ABOUT THIS TASK
The listing below is to be copied exactly, with pictures excluded.

RECORDED DATA

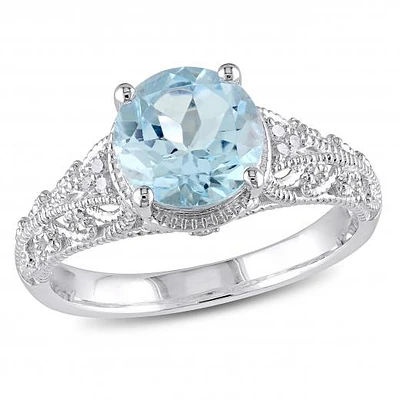Julianna B Sterling Silver Blue Topaz and Diamond Solitaire Vintage Ring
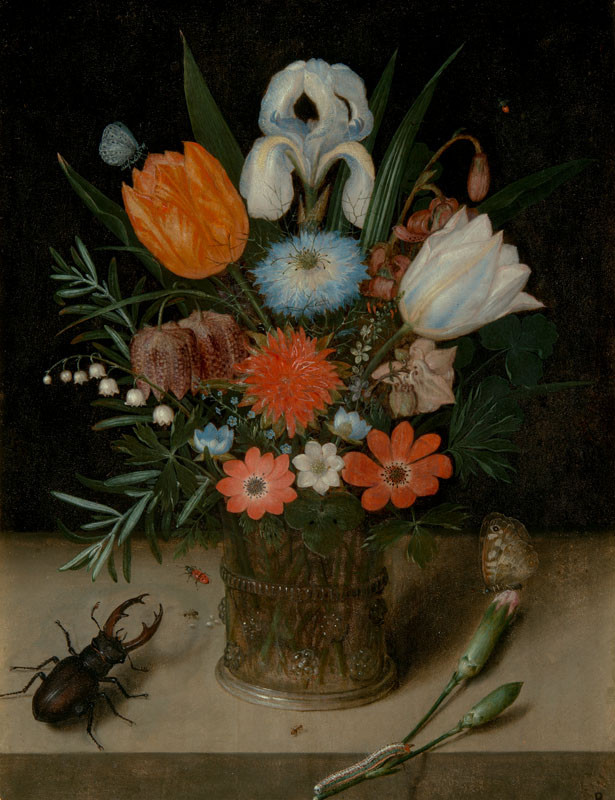 Peter Binoit | Kytice | Displayed motifs: Flower, Beetle, Vase, Insect, Houseplant, Flowerpot, Butterfly, 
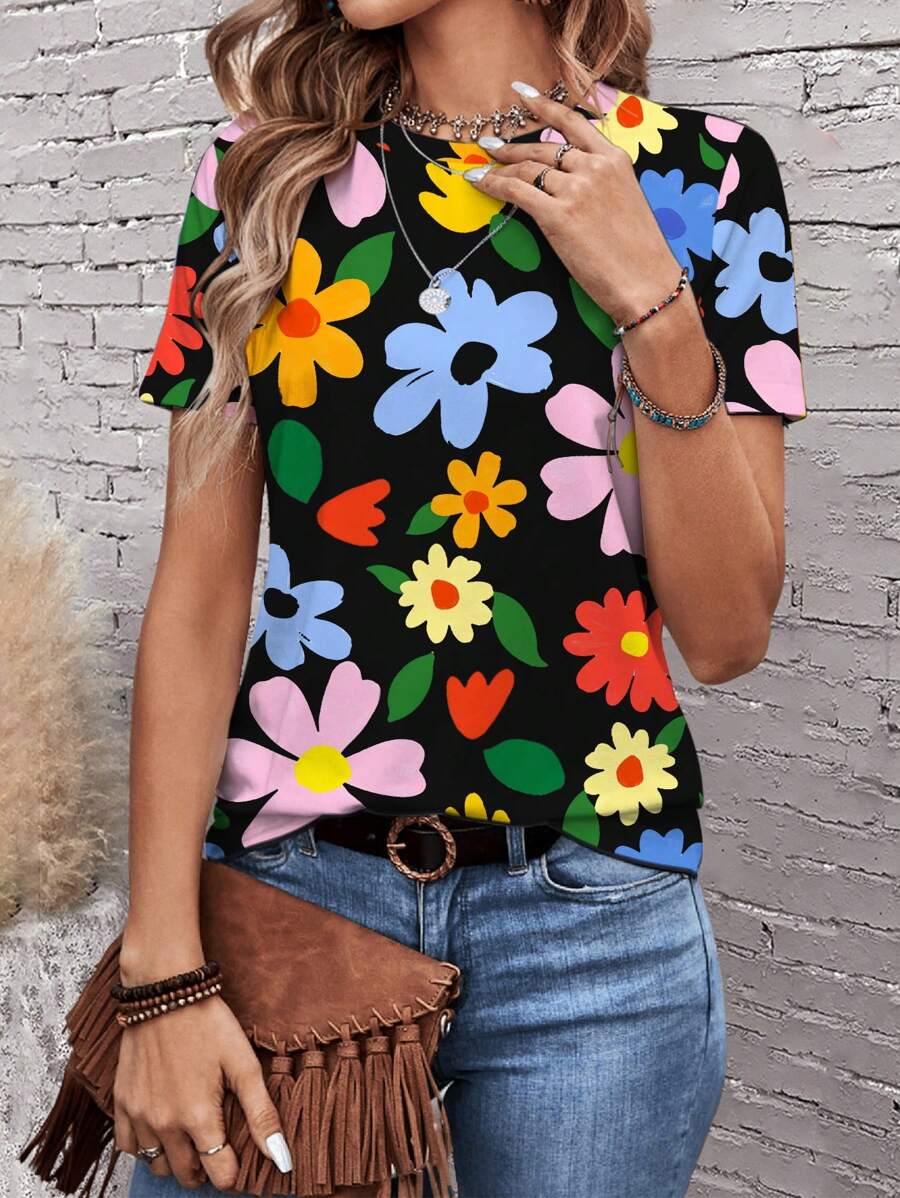 Womens Casual Polka Dot Tops Crewneck Short Sleeve T Shirts (BUY 3 FREE SHIPPING)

ANSWER TO THIS EXERCISE
Julianna B Sterling Silver Blue Topaz and Diamond Solitaire Vintage Ring
 Peter Binoit | Kytice | Displayed motifs: Flower, Beetle, Vase, Insect, Houseplant, Flowerpot, Butterfly, 
 Womens Casual Polka Dot Tops Crewneck Short Sleeve T Shirts (BUY 3 FREE SHIPPING)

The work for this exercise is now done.